In an article yesterday from the New York Time they discussed the problem of coyotes roaming the streets of New York City. Here is the opening paragraph;

After a three-hour chase involving tranquilizer guns, trucks, patrol cars and helicopters, the police surrendered Riverside Park back to a coyote who, on Wednesday morning, had started its day atop a big rock near 87th Street in the park, then journeyed north toward Grant’s Tomb. (Read more here)

Ok, see here are my thoughts. Three hours? The police spent three hours chasing a coyote around New York City and did so with a number of resources. I don’t know about you but that was a complete waste of time as I’m sure during those three hour a more dangerous predator was causing a bigger problem some where in city in multiple place. This more dangerous predator is called…a human.

As for coyotes being a “dangerous” predator they actually are not. Coyotes are a low risk predator. They are skittish nervous creatures that would rather avoid humans. I feel bad for the coyotes as there is an unnatural reason they are roaming NYC streets.

Maybe I’m being a little harsh when I say this but; “Really NYC? You have more important things to be worried about then having your police force chase down a coyote who would rather be in a better habitat then the city and it’s “park.”

The Truth…

Coyote attacks on humans are extremely rare.  When injuries do occur, it’s on account of trying to feed the coyote by hand, or by trying to break up a coyote-dog interaction, during which the owner may be nicked, bitten or scratched by either their dog or the coyote.
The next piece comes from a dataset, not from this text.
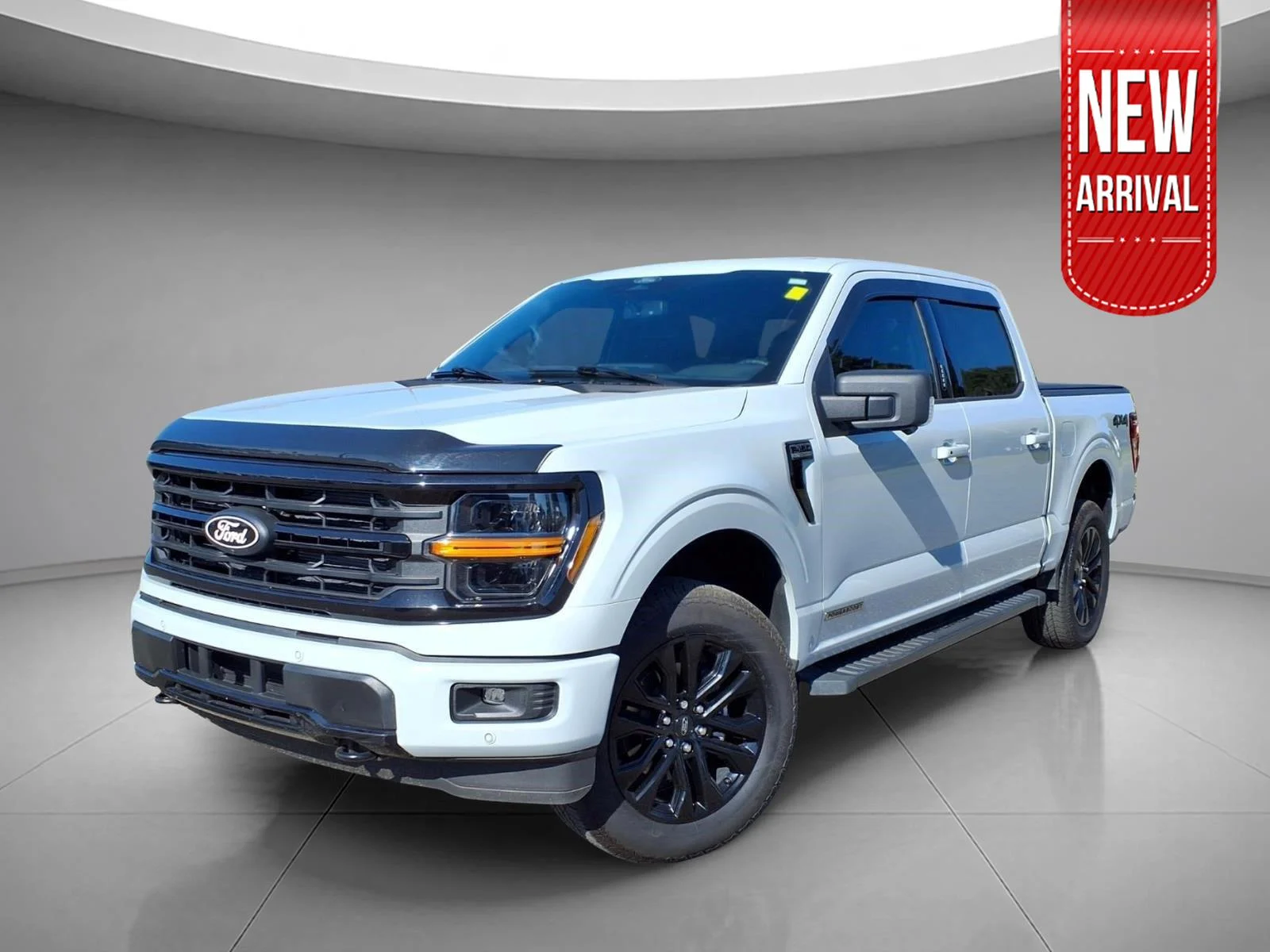 Used 2024 Avalanche Ford XLT image 1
Coyotes along with other urban wildlife are often considered nuisances, merely as a result of having been seen. Fingers often point in their direction as culprits for crimes without any supporting evidence. Every year Animal Control receives calls from people who have just seen a coyote, and the reports go so far as to describe the coyote as “bold,” or “aggressive” even though, when asked, we are told that it is just standing there. Many people are not familiar with normal coyote behavior, so misconceptions and fears often result. Coyotes are almost always defending their territories when they become antagonistic with dogs. They have very little interest in humans and would rather avoid us.

If there is a chance encounter where a coyote comes closer than expected, it is easy to scare it away by flailing your arms or clapping your hands loudly, or by throwing a small pebble in its direction. If you have a newspaper handy, slap it on your thigh as you head toward the coyote. If the coyote does not respond, it’s best to just back out of the area and leave — she may be defending a den or pups which are close by.  If the coyote holds its ground, and growls at you like a dog, you can bet she has a den or pups nearby.  She is simply trying to protect them, just as humans protect their children. Do not try and scare her off, just back out of the area and leave. This is the correct human response whether you are alone or with your dog.
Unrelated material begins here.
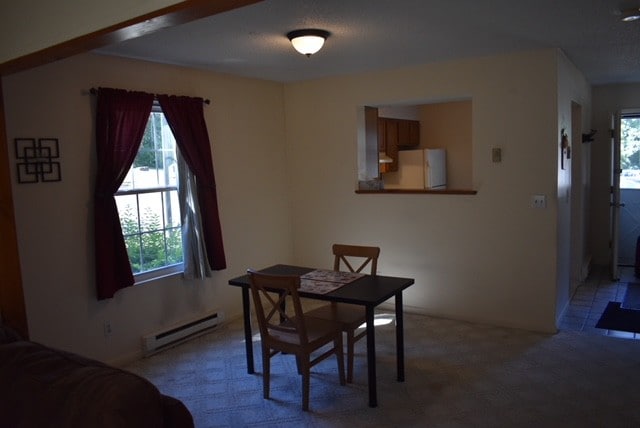 Dining area - 745 Merrow Rd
I agree coyotes shouldn’t be wandering the streets of NYC. But I hope as the city works to solve the problem they do so without harming the coyotes. While the people of NY are concerned about coyotes “killing someone,” I’m sure the coyotes who are being tracked down by a police force are just as scared if not more.

Remember, life is a journey so hike by faith instead of fear. We live in a world of helicopter parents, overly protective, and afraid of just about everything. Living that way only produces more stress and anxiety. And we have more important things to be concerned about then a few coyotes.